*** Opening Information given ***
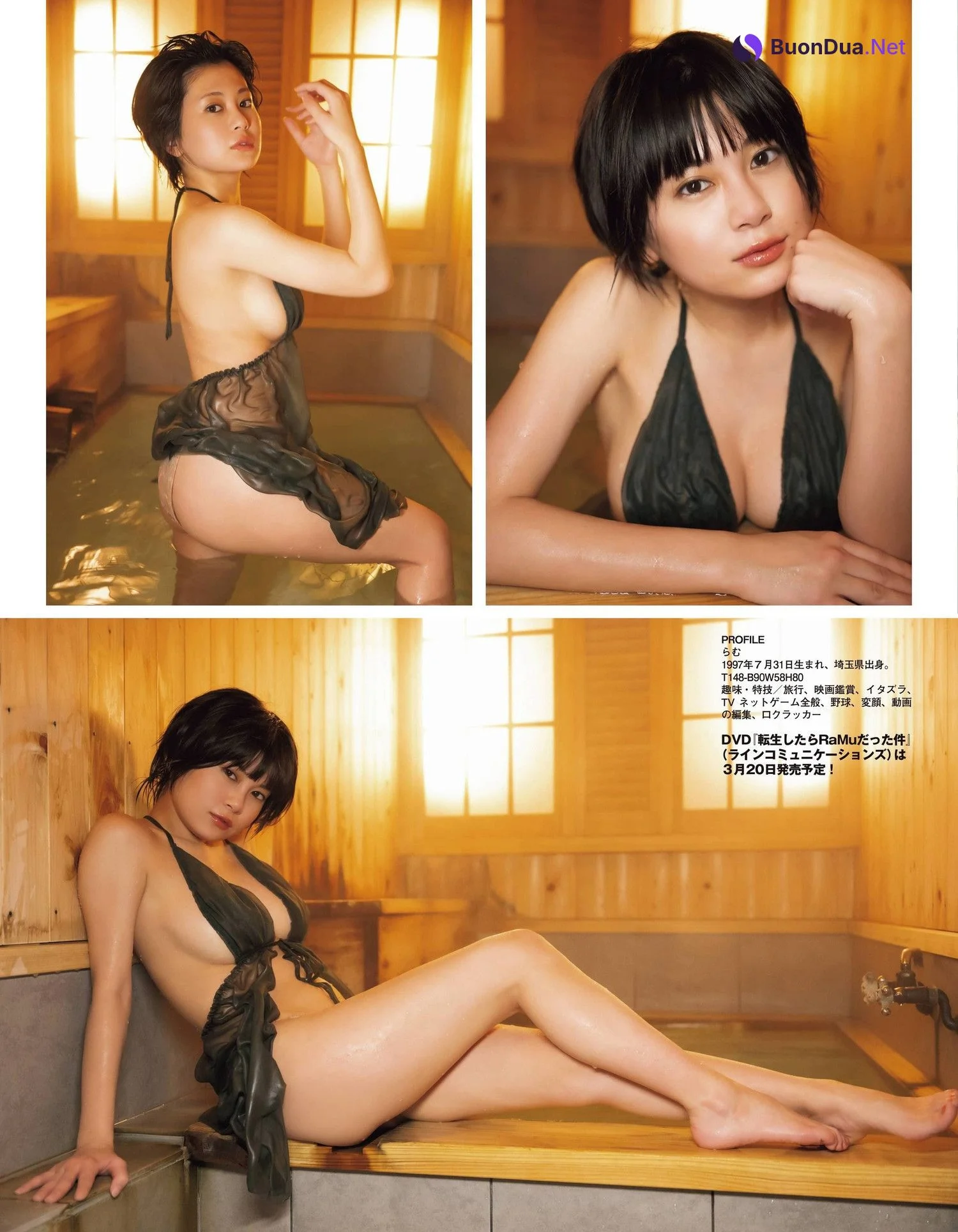 RaMu ラム, アサ芸Secret！ 2022.12.08 Vol.79 - Photo 5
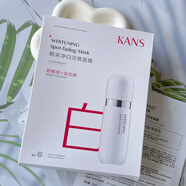 韓束（KAN’S）凈白美白面膜白蠻腰補水保濕煙酰胺提亮膚色提拉緊致貼片面膜 5片(盒裝)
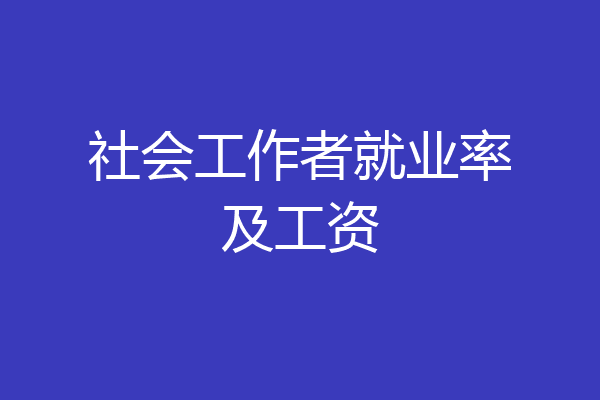 社会工作者就业率及工资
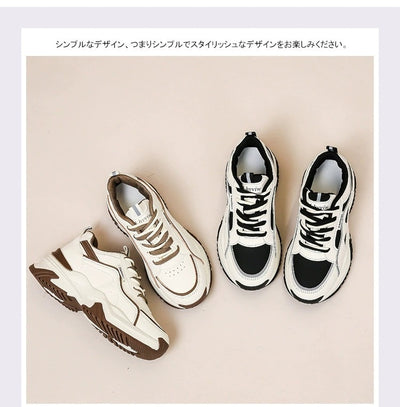 Zapatillas Deportivas Casuales para Mujer con Suela Gruesa Acolchada y Diseño Ligero - Image 21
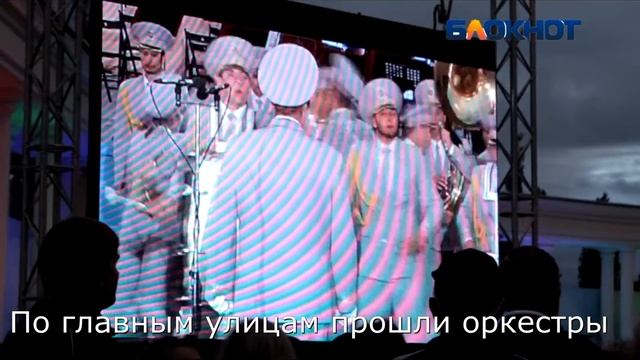 Оркестры смотреть онлайн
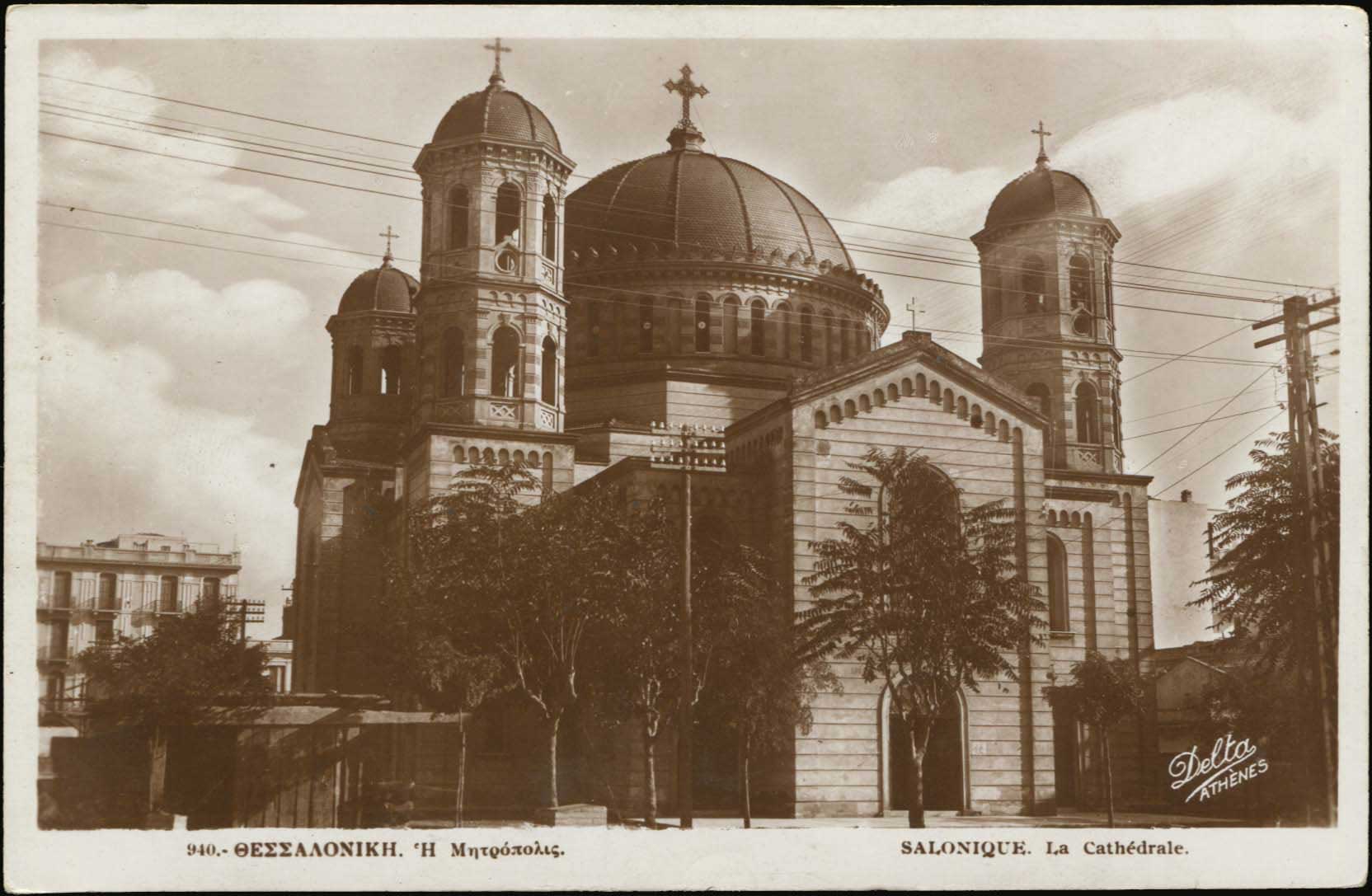 Lot 2429 - - THESSALONIKI(SALONICA) - A. Karamitsos Live Internet Auction 23 Lot 2429 - - THESSALONIKI(SALONICA) - A. Karamitsos Live Internet Auction 23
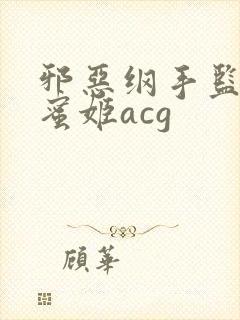 邪恶纲手监狱熟蜜姬acg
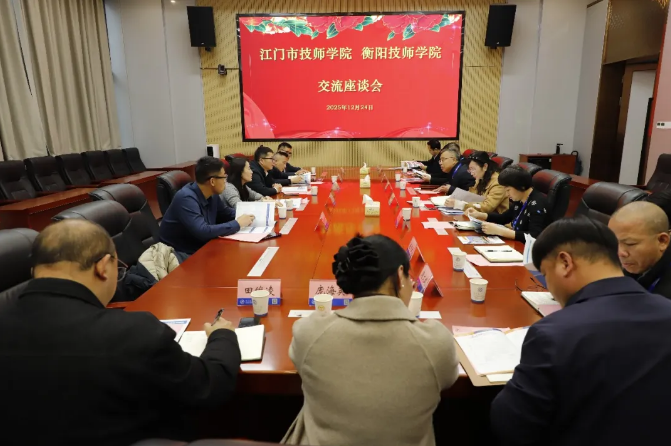 互學互鑒拓思路 協同發展譜新篇——江門市技師學院來我院交流學習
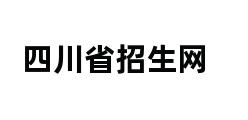 四川省招生网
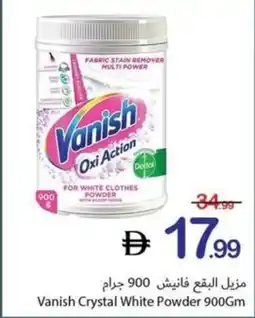 Ajman Market Vanish crystal white powder offer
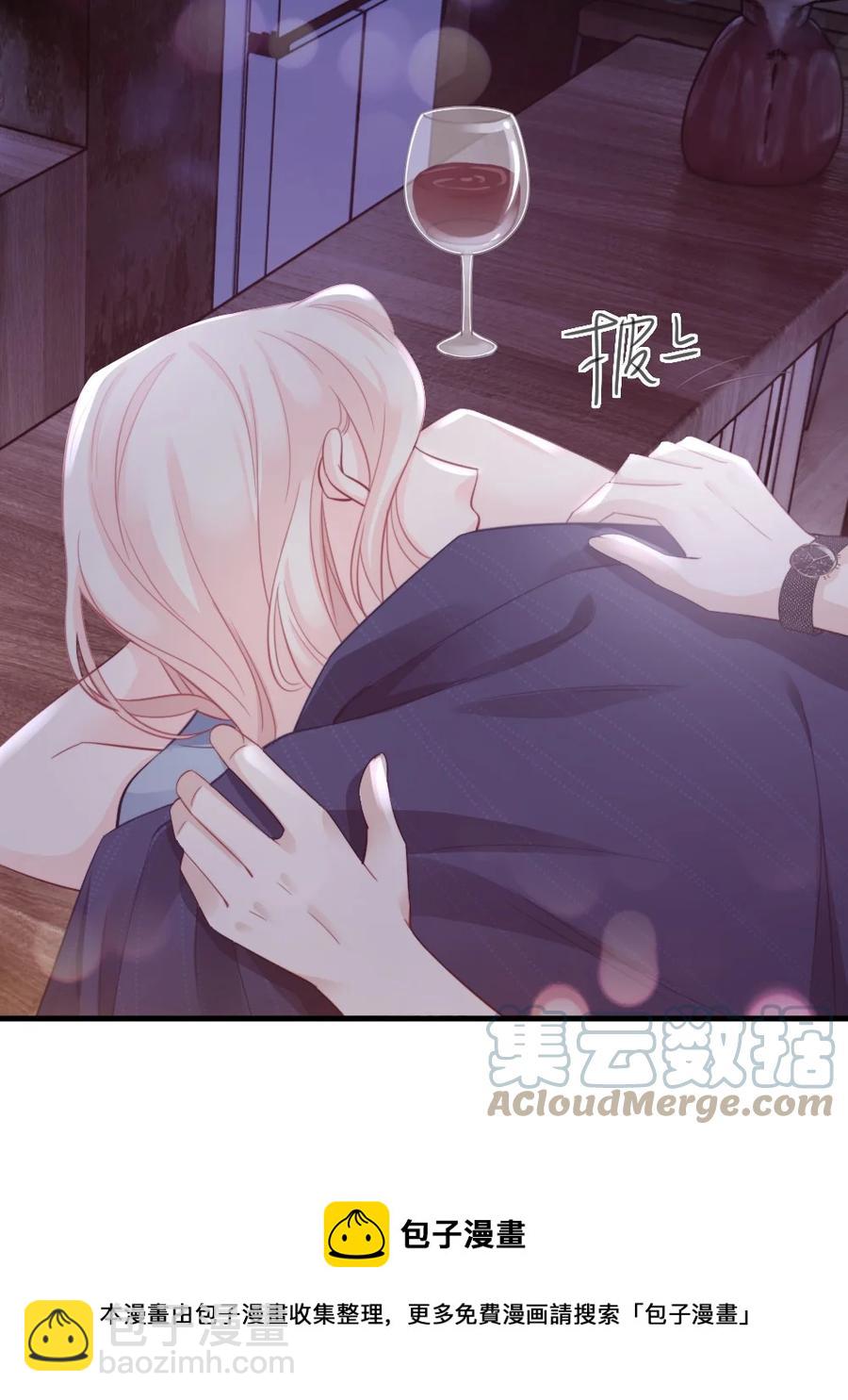 046 喜欢一个人，太难了-第46话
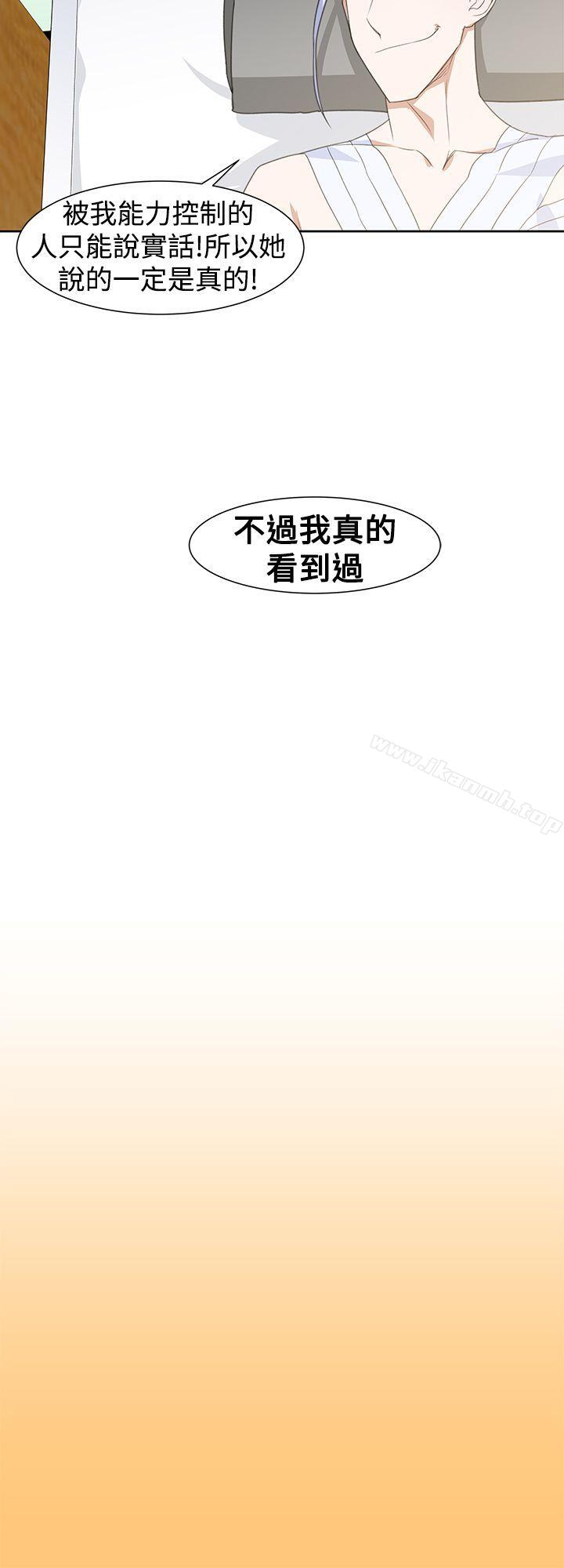 《他的那裏(完結)》漫画 第28話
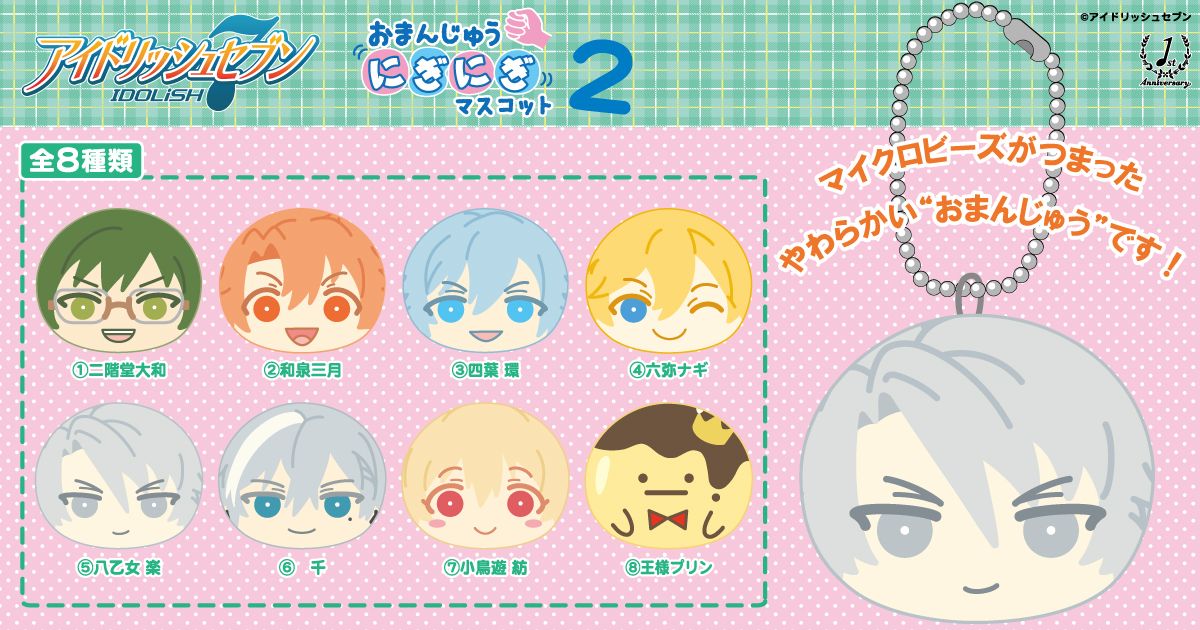 アイドリッシュセブン おまんじゅうにぎにぎマスコット2 発売決定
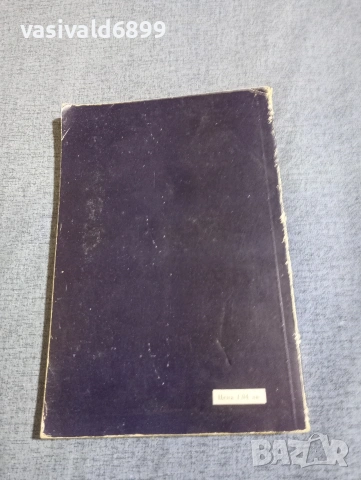 Норберт Винер - Аз бях вундеркинд , снимка 3 - Художествена литература - 54238933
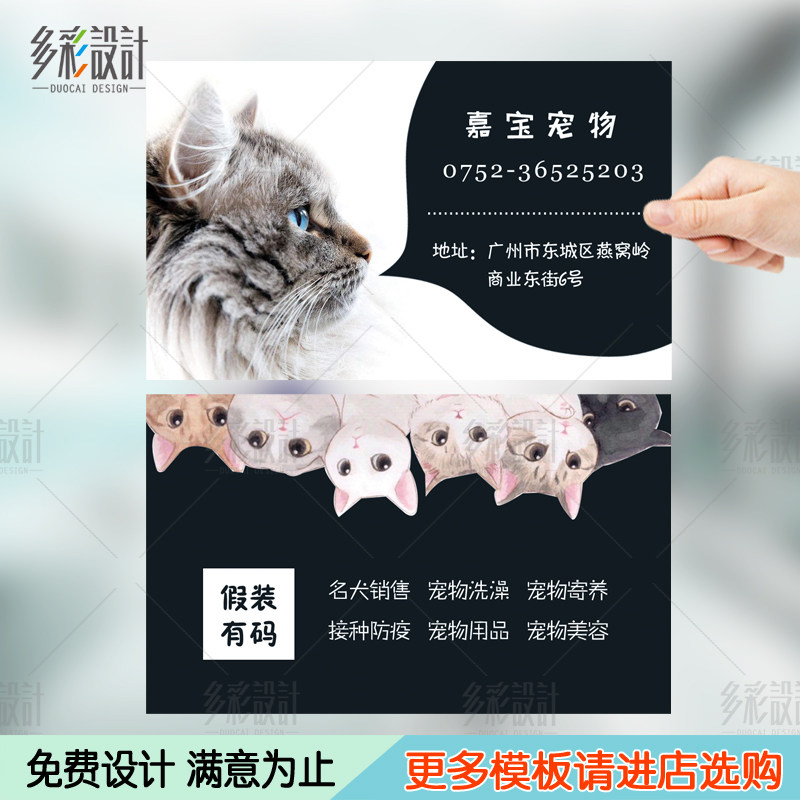 可爱狗狗猫咪宠物店医院兽医宠物用品寄养名片印刷定制作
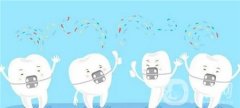 矫正牙齿为什么那么痛呢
*** Closing Information given ***
What the exercise asks:
Copy word for word the lines above, starting at the line containing "社会工作者就业率及工资" and ending at the line containing "アイドリッシュセブン おまんじゅうにぎにぎマスコット2 発売決定", inclusive, with no pictures.

Written response:
 社会工作者就业率及工资
 Zapatillas Deportivas Casuales para Mujer con Suela Gruesa Acolchada y Diseño Ligero - Image 21
 Оркестры смотреть онлайн
 Lot 2429 - - THESSALONIKI(SALONICA) - A. Karamitsos Live Internet Auction 23 Lot 2429 - - THESSALONIKI(SALONICA) - A. Karamitsos Live Internet Auction 23
 邪恶纲手监狱熟蜜姬acg
 互學互鑒拓思路 協同發展譜新篇——江門市技師學院來我院交流學習
 四川省招生网
 Ajman Market Vanish crystal white powder offer
 046 喜欢一个人，太难了-第46话
 《他的那裏(完結)》漫画 第28話
 アイドリッシュセブン おまんじゅうにぎにぎマスコット2 発売決定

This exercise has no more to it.